#### What this task involves:
Each record that follows must be printed exactly as given.

(Extracted records)

==*==

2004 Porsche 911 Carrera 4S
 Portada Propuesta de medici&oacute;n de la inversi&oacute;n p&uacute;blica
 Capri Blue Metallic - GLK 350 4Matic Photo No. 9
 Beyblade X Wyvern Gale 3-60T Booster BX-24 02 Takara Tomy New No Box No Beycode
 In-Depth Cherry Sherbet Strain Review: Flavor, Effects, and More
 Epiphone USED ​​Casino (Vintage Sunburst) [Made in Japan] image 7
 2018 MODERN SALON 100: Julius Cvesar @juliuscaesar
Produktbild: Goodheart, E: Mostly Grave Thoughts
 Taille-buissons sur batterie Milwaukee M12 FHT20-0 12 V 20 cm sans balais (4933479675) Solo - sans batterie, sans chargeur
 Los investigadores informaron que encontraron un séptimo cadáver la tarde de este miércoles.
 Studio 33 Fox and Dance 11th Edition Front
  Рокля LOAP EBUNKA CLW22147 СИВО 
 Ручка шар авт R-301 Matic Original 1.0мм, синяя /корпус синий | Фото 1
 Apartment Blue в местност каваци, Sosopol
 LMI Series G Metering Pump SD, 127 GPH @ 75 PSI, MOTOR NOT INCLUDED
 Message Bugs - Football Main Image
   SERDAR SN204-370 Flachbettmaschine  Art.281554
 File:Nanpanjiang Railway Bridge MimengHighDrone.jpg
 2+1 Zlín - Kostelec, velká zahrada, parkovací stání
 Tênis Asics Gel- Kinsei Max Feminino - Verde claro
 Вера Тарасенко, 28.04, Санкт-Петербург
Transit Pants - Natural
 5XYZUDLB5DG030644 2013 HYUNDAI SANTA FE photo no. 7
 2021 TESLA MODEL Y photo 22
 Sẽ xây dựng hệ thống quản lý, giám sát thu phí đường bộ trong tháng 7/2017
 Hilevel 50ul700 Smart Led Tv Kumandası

==*==

#### Response:
2004 Porsche 911 Carrera 4S
 Portada Propuesta de medici&oacute;n de la inversi&oacute;n p&uacute;blica
 Capri Blue Metallic - GLK 350 4Matic Photo No. 9
 Beyblade X Wyvern Gale 3-60T Booster BX-24 02 Takara Tomy New No Box No Beycode
 In-Depth Cherry Sherbet Strain Review: Flavor, Effects, and More
 Epiphone USED ​​Casino (Vintage Sunburst) [Made in Japan] image 7
 2018 MODERN SALON 100: Julius Cvesar @juliuscaesar
Produktbild: Goodheart, E: Mostly Grave Thoughts
 Taille-buissons sur batterie Milwaukee M12 FHT20-0 12 V 20 cm sans balais (4933479675) Solo - sans batterie, sans chargeur
 Los investigadores informaron que encontraron un séptimo cadáver la tarde de este miércoles.
 Studio 33 Fox and Dance 11th Edition Front
  Рокля LOAP EBUNKA CLW22147 СИВО 
 Ручка шар авт R-301 Matic Original 1.0мм, синяя /корпус синий | Фото 1
 Apartment Blue в местност каваци, Sosopol
 LMI Series G Metering Pump SD, 127 GPH @ 75 PSI, MOTOR NOT INCLUDED
 Message Bugs - Football Main Image
   SERDAR SN204-370 Flachbettmaschine  Art.281554
 File:Nanpanjiang Railway Bridge MimengHighDrone.jpg
 2+1 Zlín - Kostelec, velká zahrada, parkovací stání
 Tênis Asics Gel- Kinsei Max Feminino - Verde claro
 Вера Тарасенко, 28.04, Санкт-Петербург
Transit Pants - Natural
 5XYZUDLB5DG030644 2013 HYUNDAI SANTA FE photo no. 7
 2021 TESLA MODEL Y photo 22
 Sẽ xây dựng hệ thống quản lý, giám sát thu phí đường bộ trong tháng 7/2017
 Hilevel 50ul700 Smart Led Tv Kumandası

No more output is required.